---------- SUPPLIED DATA

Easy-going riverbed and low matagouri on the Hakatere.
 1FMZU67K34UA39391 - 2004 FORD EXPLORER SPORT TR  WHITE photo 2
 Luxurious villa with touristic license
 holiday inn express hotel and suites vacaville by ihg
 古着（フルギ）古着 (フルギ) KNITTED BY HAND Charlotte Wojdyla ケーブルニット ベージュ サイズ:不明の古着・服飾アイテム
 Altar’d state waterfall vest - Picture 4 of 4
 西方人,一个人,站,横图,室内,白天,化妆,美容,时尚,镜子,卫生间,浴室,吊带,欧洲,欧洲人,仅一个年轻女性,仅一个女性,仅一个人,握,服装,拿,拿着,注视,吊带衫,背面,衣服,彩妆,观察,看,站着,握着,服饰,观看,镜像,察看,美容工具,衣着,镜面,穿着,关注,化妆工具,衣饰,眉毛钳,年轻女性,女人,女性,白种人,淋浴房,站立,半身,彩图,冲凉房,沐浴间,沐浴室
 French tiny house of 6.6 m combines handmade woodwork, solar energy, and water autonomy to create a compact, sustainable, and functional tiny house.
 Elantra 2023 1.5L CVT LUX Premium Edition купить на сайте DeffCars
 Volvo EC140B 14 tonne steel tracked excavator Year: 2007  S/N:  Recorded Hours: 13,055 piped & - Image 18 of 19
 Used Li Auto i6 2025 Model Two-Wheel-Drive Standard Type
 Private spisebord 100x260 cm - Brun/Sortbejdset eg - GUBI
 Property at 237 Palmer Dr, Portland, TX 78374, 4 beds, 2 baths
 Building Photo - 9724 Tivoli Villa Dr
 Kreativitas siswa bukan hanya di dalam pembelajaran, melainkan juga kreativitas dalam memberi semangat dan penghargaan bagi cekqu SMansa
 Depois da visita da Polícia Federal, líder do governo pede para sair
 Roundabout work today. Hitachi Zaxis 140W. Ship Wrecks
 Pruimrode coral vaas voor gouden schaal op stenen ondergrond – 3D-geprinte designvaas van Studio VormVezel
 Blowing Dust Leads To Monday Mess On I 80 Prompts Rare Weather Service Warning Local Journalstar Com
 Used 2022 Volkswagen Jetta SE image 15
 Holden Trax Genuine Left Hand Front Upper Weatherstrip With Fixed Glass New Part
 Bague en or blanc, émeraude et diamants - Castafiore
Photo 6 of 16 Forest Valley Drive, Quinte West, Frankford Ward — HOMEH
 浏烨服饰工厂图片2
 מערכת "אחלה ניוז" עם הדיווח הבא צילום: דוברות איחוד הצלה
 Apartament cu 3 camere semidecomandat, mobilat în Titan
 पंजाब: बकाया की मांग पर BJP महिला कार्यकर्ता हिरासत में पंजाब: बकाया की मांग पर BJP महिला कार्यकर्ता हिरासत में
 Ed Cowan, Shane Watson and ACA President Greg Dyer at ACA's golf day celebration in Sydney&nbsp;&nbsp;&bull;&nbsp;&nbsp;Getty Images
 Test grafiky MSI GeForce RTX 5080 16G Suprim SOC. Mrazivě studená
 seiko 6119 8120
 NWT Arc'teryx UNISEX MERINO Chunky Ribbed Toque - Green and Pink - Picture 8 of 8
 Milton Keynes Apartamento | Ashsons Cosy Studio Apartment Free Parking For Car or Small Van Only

--------------------

**PROBLEM:** The lines to return are those with the string "Studio" in them; copy each from the entries above.

**SOLUTION:**
 Pruimrode coral vaas voor gouden schaal op stenen ondergrond – 3D-geprinte designvaas van Studio VormVezel
 Milton Keynes Apartamento | Ashsons Cosy Studio Apartment Free Parking For Car or Small Van Only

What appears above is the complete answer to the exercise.